I only accepted Jesus as my lord and savior because somebody was willing to befriend a non-Christian and risk his own pride and reputation to share the gospel. My friend knew that he could be faithful because God has been so faithful to him despite the many wrong turns he took in his own life. He knew  that God would take his friend, who was so far from him, and redeem him. That one day, despite all the kicking and fighting, he would submit to God and testify that God is faithful.

That’s the reason all of us started following Jesus, because somebody in our lives postured themselves humbly before God and shared the gospel.

This is the gospel:

God sent his one and only begotten Son Jesus, to become our Christ. Jesus, although in the form of God, humbled himself to become human, to live sinless and die for our sins in accordance with the Scriptures to fulfill the justice necessary to bring us reconciliation with God, the Father.

Jesus was crucified on a cross, died, and was buried. But sin and death could not hold Jesus. He was raised on the third day in by the power of God. In faith, we receive salvation, not by our works, but by grace, as a gift from God.

  • If you never accepted the gospel, receive it now in faith, confessing Jesus as your savior, your Messiah.
  • If you’ve been a follower of Jesus but haven’t considered your commission until now, your time is now.
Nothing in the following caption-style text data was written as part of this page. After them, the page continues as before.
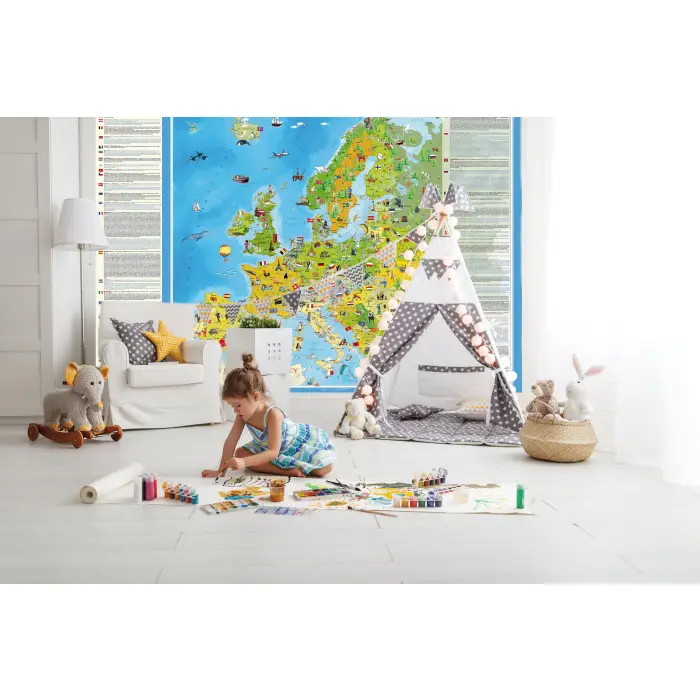 Europa Młodego Odkrywcy mapa ścienna dla dzieci - tapeta XL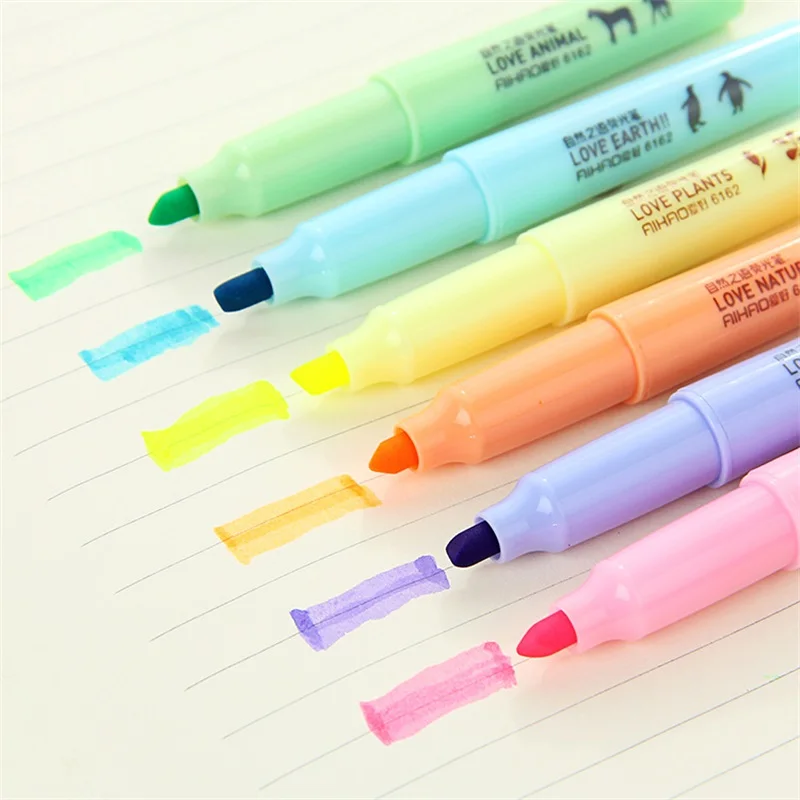 

6 разных цветов, канцелярские принадлежности, свежий и креативный хайлайтер, ручка-хайлайтер, цветная Акварельная фоторучка, маркер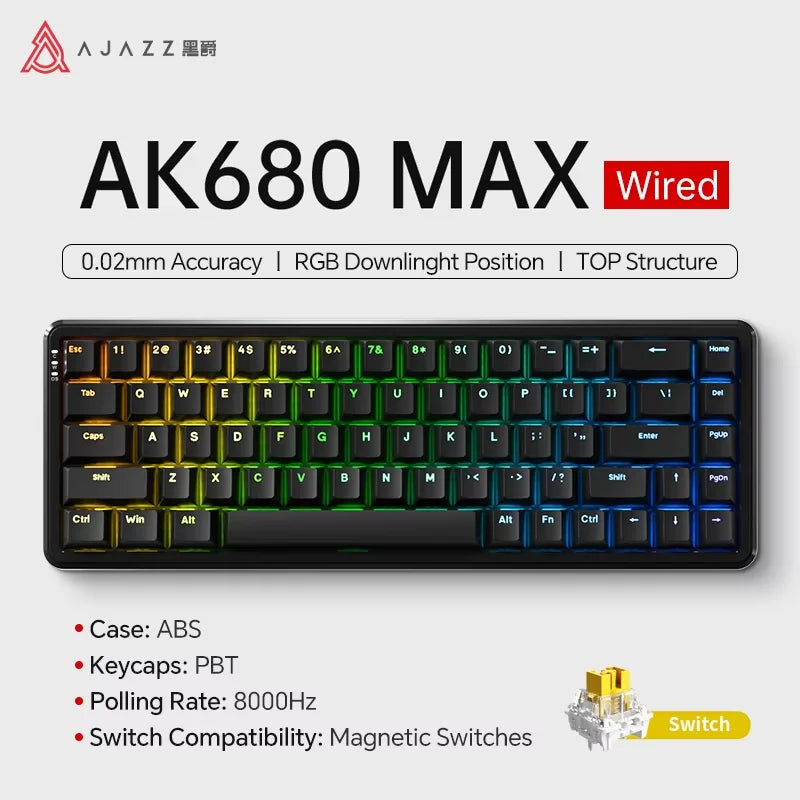 AJAZZ AK680 MAX Magnetic Axis Wired Keyboard 0.125ms Ultra-Low Latency Professional Gaming Keyboard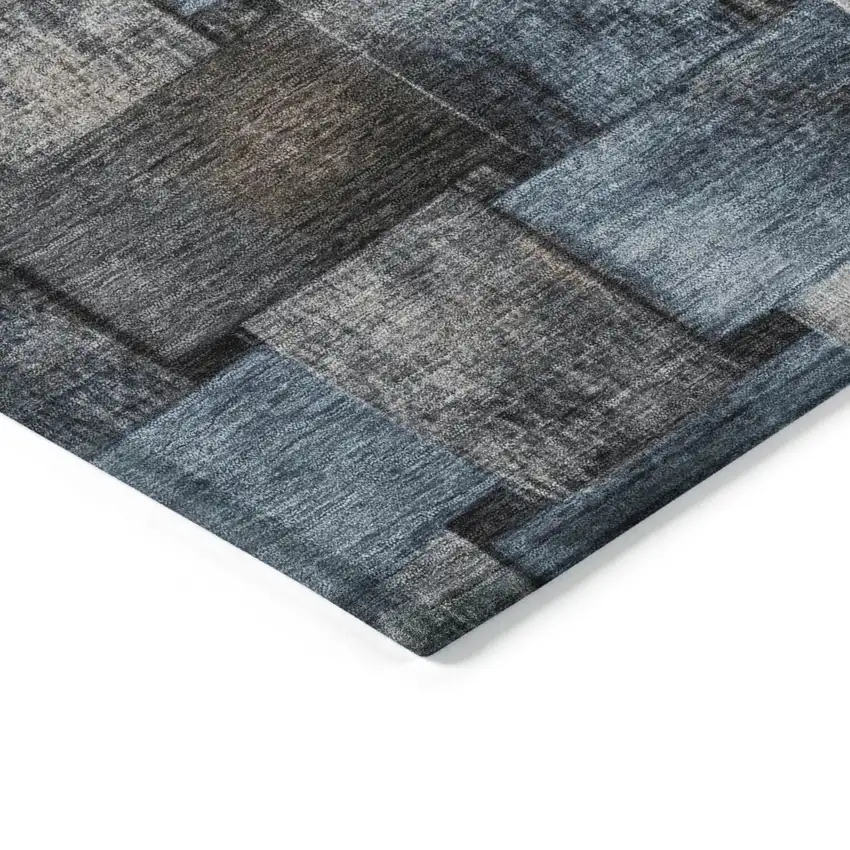 8' Taupe And Denim Blue Round Striped Washable Indoor Outdoor Area Rug Photo 7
Go live boldly on mission. God demonstrates his power to us so we can be faithful. Let your life testify to God’s work.

We are his children, we live faithfully through his spirit, to make disciples of all nations, baptizing them in the name of the Father and of the Son and of the Holy Spirit, teaching them to observe all that Jesus commanded.

God’s already demonstrating his power in your life. Now, go boldly share your testimony with somebody.

Let’s pray.

Father in heaven, thank you for sending your son to rescue us. God, we want to be faithful to the mission you called us. We know that you want us to share this incredible good news to everybody around us, but it’s so hard to start, it’s so hard to be bold. God, we believe you are giving us courage today. You are giving us the words, you are identifying the people and places.

  • God, the neighbors that we didn’t expect to be friendly to us, thank you for opening those doors.
  • God, the teachers that don’t have the same worldview as us, thank you for allowing our children to be a part of their classrooms.
  • Lord, the co-workers that we have, who ostracize us… God, yes, thank you for allowing us to be witnesses to them.
  • The families and relatives who don’t know, who tell us that we’re lost, Lord, let us bless them.

Those of us who need to receive your gospel; let them receive it wholeheartedly. Let them receive it with thanksgiving. Let them receive it without doubt. Let it saturate every facet of their lives. Let it transform them. Let the ways they used to live die and be buried with you. Father, resurrect a new life, a new way of living for them.

Do not allow the world and the troubles we face fill us with doubt. Fill us with satisfaction, with resolve. We want to be faithful. Help us be faithful to you in this work. We pray all these things in Jesus precious, holy name. Amen.